Opinion
No. 04A03-9110-CV-323.
March 25, 1992.
Appeal from the Benton Circuit Court, Robert W. Thacker, Special Judge.
John C. Hamilton, Doran, Blackmond, Ready, Hamilton Williams, Georgia C. Luks, South Bend, for appellant-respondent.
William J. Moriarty, Jr., Dumas Moriarty, Rensselaer, for appellee-petitioner.
This is an appeal from a trial court's denial of a custodial parent's request for a transfer of jurisdiction pursuant to IC 31-2-7-1. We affirm.
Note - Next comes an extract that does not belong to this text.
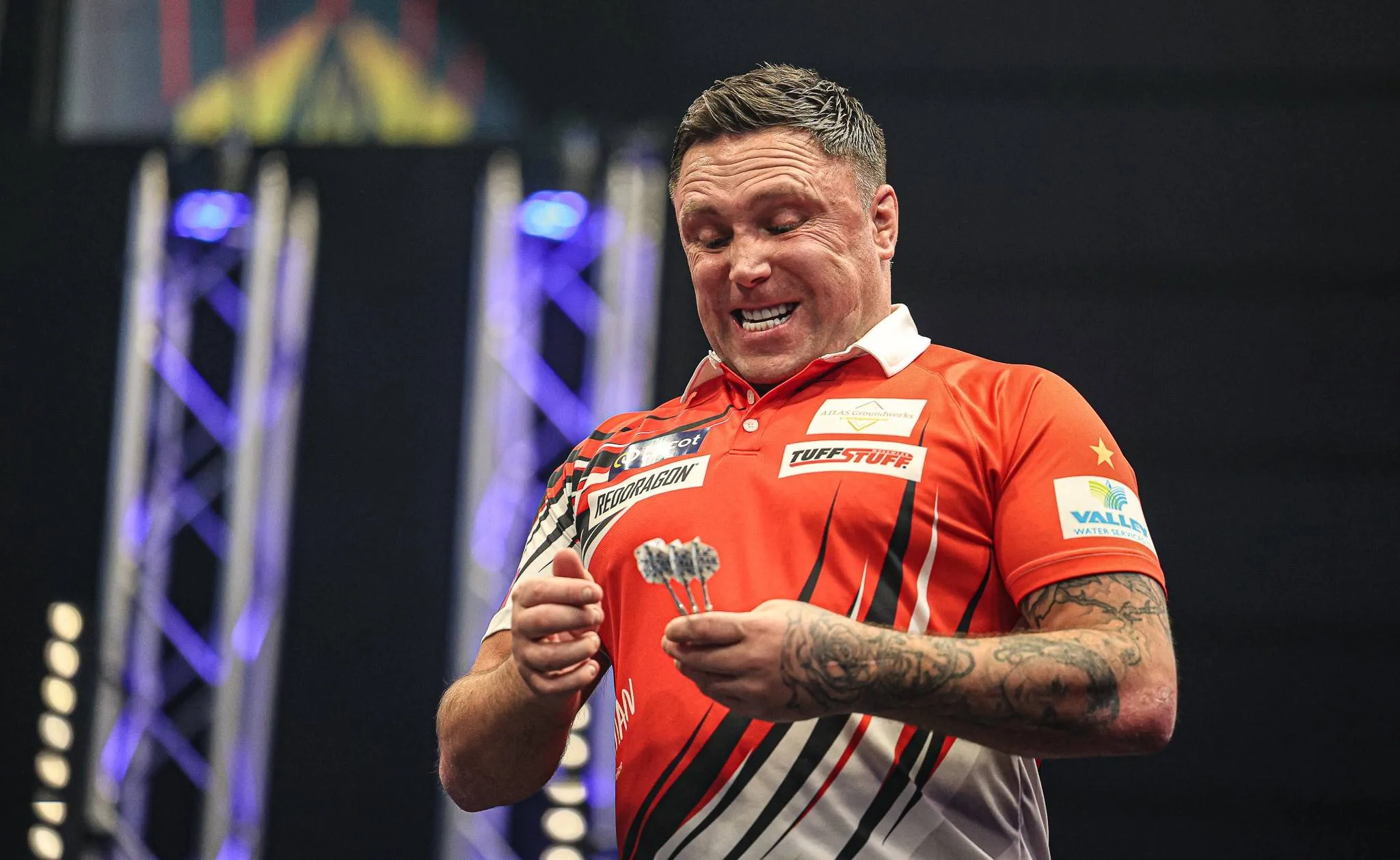 gerwyn price 2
Thomas F. Crowley (Thomas) and Mary Lynn Crowley (Mary) were married on May 18, 1968, and separated on July 12, 1981. On September 24, 1981, Thomas filed a petition for dissolution of marriage in the Jasper Circuit Court. He then moved for and was granted a change of venue from the county, and the action was transferred to the Benton Circuit Court. After a trial on February 16, 1982, the court issued a final decree of dissolution of marriage on August 9, 1982. The court divided the marital assets, awarded custody of the Crowley's six minor children to Mary, and required Thomas to pay support. Thomas was also granted visitation rights. Mary moved to South Bend, Indiana, with the children, and Thomas remained near Rensselaer, Indiana. By March, 1991, Thomas moved to Des Moines, Iowa.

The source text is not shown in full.